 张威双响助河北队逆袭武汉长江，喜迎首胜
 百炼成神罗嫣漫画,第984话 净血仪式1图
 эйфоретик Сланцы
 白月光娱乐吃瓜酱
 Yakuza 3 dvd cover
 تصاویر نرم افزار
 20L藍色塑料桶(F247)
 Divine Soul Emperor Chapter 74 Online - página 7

* * *

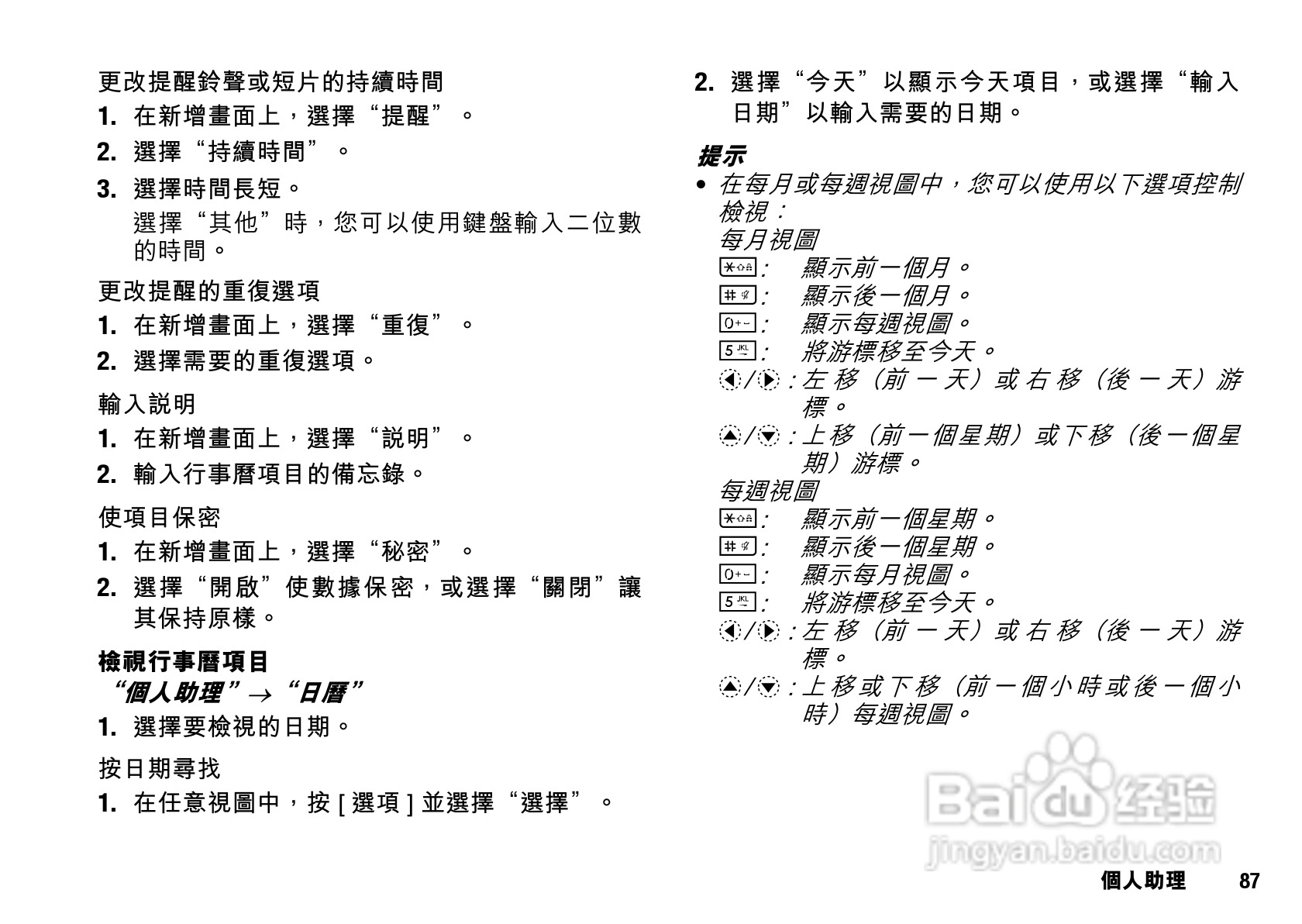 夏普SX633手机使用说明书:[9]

---

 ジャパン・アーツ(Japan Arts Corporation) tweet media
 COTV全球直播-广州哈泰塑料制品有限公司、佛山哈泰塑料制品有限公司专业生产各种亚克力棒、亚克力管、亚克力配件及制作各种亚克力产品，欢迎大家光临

§ Try it
Begin at the line that has "张威双响助河北队逆袭武汉长江，喜迎首胜" in the entries above; stop after the line that has "Divine Soul Emperor". Transcribe exactly those lines and no others.

§ Output
 张威双响助河北队逆袭武汉长江，喜迎首胜
 百炼成神罗嫣漫画,第984话 净血仪式1图
 эйфоретик Сланцы
 白月光娱乐吃瓜酱
 Yakuza 3 dvd cover
 تصاویر نرم افزار
 20L藍色塑料桶(F247)
 Divine Soul Emperor Chapter 74 Online - página 7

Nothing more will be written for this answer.